Salon Writer: Conservatives’ Comedy Based on Meanness and ‘Awful Thoughts’

June 12th, 2015 10:53 AM

For most people, humor and comedy are meant to provoke smiles and laughter. According to Salon writer Scott Eric Kaufman, however, conservatives aren’t like most people, since “their version of comedy isn’t intended to be funny, it’s just meant to be mean.” It enables them, he alleged in a Wednesday article, to conceal their “awful thoughts” in supposed jokes.

Kaufman claimed that right-wingers’ deep pessimism precludes a sense of humor: “The situation they believe themselves to be in is perpetually dire…All they see are enemies who need notches whipped into them. They possess, in short, the mindset of an embattled bully being forced to live in a world in which the meek are rising against him en masse, and so they react as any cornered animal of meager intelligence would — they lash out.”

From Kaufman’s piece (bolding added):

Wednesday’s “Fox & Friends” featured the show’s hosts having a conversation with Colin Quinn about Jerry Seinfeld’s recent complaint that political correctness has ruined comedy.
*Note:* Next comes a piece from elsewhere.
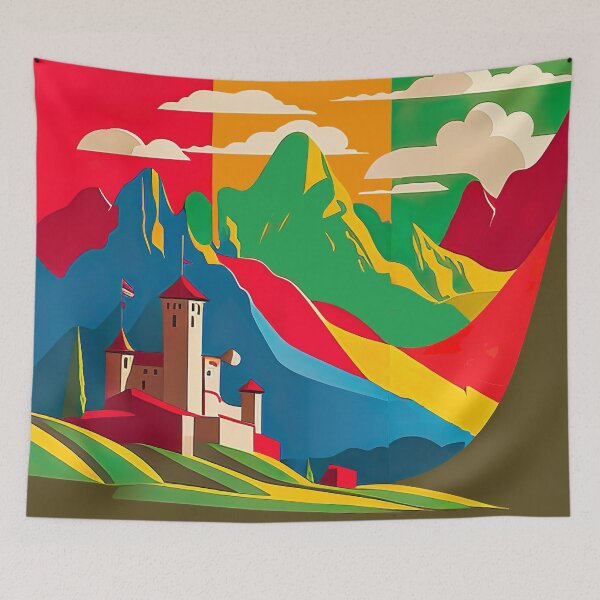 Item preview, Castle by the Alps designed and sold by midjourneyarts.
Elisabeth Hasselbeck, in particular, didn’t seem to know what comedy even was, asking questions of the sort one would expect from an alien anthropologist who barely passed her required “Human Culture” courses…

That’s because for conservatives like her and her co-hosts, Steve Doocy and Brian Kilmeade, a “sense of humor” isn’t about what’s actually funny, but about what awful thoughts they possess that comedy would provide them the “freedom” to express aloud without facing public opprobrium.

When Kilmeade points out that in Quinn’s new book…the comedian talks “about growing up with Italians, Jews, Koreans, and Chinese,” [Kilmeade is] positively radiating jealousy…[He] is enraptured by the very thought of making jokes at the expense of Italians, Jews, Koreans, and Chinese.

It was a disgusting scene, and clearly one Quinn wanted no part of, but it does answer the question of why conservatives haven’t found their own equivalent of Jon Stewart or John Oliver — or why the comedians who convert to conservative ideology, like Dennis Miller, aren’t funny anymore — and it’s that their version of comedy isn’t intended to be funny, it’s just meant to be mean.

At least among Fox News aficionados, because in the real world, it’s quite different. The single funniest human being I’ve ever met is a distant uncle-in-law who’s also a pastor in rural Mississippi, so liberal he is not. But sit him at a kitchen table and let him observe the world around him and breathing will quickly become an issue. His comedy is situational and observational in the best sense, which points to the problem with Fox News-watching conservatives: the situation they believe themselves to be in is perpetually dire, always on the verge of cultural and moral collapse, so when they observe the world around them, all they see are enemies who need notches whipped into them.

They possess, in short, the mindset of an embattled bully being forced to live in a world in which the meek are rising against him en masse, and so they react as any cornered animal of meager intelligence would — they lash out.